Nahda Barajı anlaşmasına ilişkin görüşmeler sürüyor

Sisi ve Pompeo dün Dün Berlin’de bir araya geldi. (DPA)
Sisi ve Pompeo dün Dün Berlin’de bir araya geldi. (DPA)
TT

Nahda Barajı anlaşmasına ilişkin görüşmeler sürüyor

Sisi ve Pompeo dün Dün Berlin’de bir araya geldi. (DPA)
Sisi ve Pompeo dün Dün Berlin’de bir araya geldi. (DPA)

Mısır, Etiyopya ve Sudan temsilcileri Etiyopya’da inşa edilen Nahda (Rönesans) Barajı’nın doldurulması ve işletilmesi ile ilgili kurallara ilişkin kapsamlı bir anlaşma yapmak için önümüzdeki günlerde bşr araya gelmeye hazırlanıyor. Anlaşmanın aşağı havza ülkeleri olan Mısır ve Sudan’ın görebileceği zararları azaltması bekleniyor.
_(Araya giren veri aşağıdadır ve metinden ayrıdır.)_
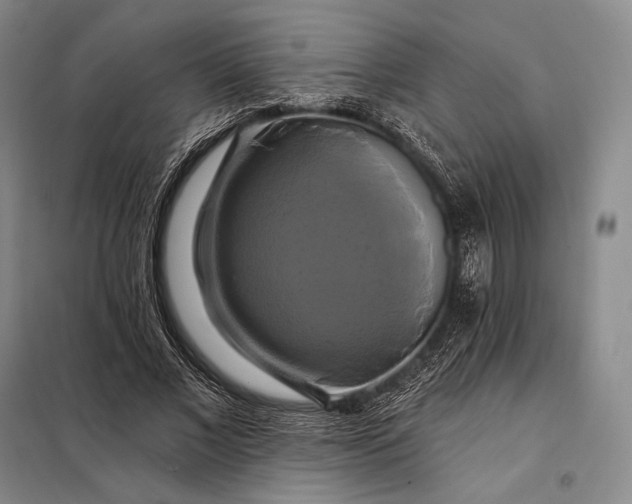 X0000098130685200805011322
Müzakerelerde ABD gözetiminde ilerleme kaydedildiği bildirilmesine rağmen sorunların üstesinden gelmek için tüm tarafların esneklik göstermesi gereken bazı engeller mevcut. Yine de Washington’da gerçekleştirilecek toplantılarda nihai bir anlaşmaya varılması bekleniyor. Anlaşmada, Mısır’ın kullanacağı minimum su miktarının belirlenmesi, uzun süren susuzluk ve kuraklık dönemlerinde izlenecek yol ve alınacak önlemlerin yer alması hedefleniyor. Ayrıca Washington’daki toplantılarda anlaşmanın uygulanmasını sağlamak için açık mekanizmaların oluşturulması da planlanıyor.
Mısır, Sudan, Etiyopya, ABD ve Dünya Bankası tarafından geçen çarşamba günü yapılan ortak açıklamada, barajın doldurulması ve işletilmesi ile ilgili kapsamlı bir nihai anlaşmaya ulaşmak için kilit noktalarda fikir birliğine varıldığı bildirildi. Açıklamada söz konusu ülkelerin temsilcilerinin 28-29 Ocak tarihlerinde anlaşmanın imzalanmasının önündeki engelleri aşmak üzere Washington’da bir araya geleceği belirtildi.
Hartum yönetimi, 22-23 Ocak tarihlerinde üç ülkenin temsilcilerinin katılacağı ‘yasal ve teknik’ toplantılara ev sahipliği yapacak. Söz konusu toplantılarda nihai anlamanın taslak metninin hazırlanması bekleniyor.
ABD Dışişleri Bakanı Mike Pompeo dün Almanya’nın başkentinde gerçekleştirilen Libya konulu Berlin Konferansı’nın oturum arasında Mısır Cumhurbaşkanı Abdulfettah Sisi ile gerçekleştirdiği görüşmede müzakerelerin ‘olumlu ve adil’ bir şekilde sonuçlanacağına dair söz verdi. Mısır ve tüm tarafların çıkarlarının gözetilmesi taahhüdünde bulundu.
Mısır Cumhurbaşkanlığı Sözcüsü Bessam Radi, söz konusu görüşmede ‘Nahda Barajı’ konusunun ele alındığını bildirdi. Radi, görüşmede Sisi’nin ABD’nin müzakereleri gözetim çabalarına da övgüde bulunduğunu kaydetti. Radi ayrıca ABD’nin Mısır’ın Nil suları üzerindeki tarihi hakkını koruyacak kapsamlı bir anlaşmaya varmayı sağlayacağına dair umudunu dile getirdi.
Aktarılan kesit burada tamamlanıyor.